[Short descriptive text snippets]
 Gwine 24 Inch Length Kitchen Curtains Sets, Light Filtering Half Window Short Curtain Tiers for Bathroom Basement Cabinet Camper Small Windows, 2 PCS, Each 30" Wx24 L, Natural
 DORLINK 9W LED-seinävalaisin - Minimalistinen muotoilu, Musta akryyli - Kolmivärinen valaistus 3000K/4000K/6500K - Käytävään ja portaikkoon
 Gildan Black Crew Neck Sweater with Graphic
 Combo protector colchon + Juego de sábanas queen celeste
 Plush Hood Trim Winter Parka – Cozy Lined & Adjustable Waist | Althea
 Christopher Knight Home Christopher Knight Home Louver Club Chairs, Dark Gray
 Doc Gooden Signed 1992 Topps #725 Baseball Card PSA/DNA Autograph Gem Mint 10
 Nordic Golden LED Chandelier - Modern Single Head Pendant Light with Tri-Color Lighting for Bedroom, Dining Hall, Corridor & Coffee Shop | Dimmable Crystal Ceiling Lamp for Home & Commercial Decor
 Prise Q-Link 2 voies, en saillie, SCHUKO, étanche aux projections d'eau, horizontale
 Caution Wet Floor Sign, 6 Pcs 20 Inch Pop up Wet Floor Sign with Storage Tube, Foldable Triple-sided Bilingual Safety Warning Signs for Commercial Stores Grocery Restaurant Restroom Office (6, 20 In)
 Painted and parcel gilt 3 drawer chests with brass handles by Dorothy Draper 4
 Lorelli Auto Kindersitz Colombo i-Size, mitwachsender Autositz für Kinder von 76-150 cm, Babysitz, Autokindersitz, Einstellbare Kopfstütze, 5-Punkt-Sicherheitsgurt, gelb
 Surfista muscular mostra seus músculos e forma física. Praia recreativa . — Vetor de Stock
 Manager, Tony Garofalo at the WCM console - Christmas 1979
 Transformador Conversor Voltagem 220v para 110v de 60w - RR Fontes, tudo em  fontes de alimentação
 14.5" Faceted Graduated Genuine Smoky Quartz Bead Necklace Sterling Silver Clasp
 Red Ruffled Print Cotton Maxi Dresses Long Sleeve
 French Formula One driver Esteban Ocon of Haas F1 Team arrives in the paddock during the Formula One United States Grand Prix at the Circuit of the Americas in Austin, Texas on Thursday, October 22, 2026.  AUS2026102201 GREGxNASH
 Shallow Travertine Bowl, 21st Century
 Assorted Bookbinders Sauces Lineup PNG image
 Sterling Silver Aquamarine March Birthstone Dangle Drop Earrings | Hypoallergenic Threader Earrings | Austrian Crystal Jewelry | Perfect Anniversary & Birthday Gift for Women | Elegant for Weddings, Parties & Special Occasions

→ **Problem**
A copy of each line above that holds the word "Crystal" is the expected answer.

→ **Task answer**
 Nordic Golden LED Chandelier - Modern Single Head Pendant Light with Tri-Color Lighting for Bedroom, Dining Hall, Corridor & Coffee Shop | Dimmable Crystal Ceiling Lamp for Home & Commercial Decor
 Sterling Silver Aquamarine March Birthstone Dangle Drop Earrings | Hypoallergenic Threader Earrings | Austrian Crystal Jewelry | Perfect Anniversary & Birthday Gift for Women | Elegant for Weddings, Parties & Special Occasions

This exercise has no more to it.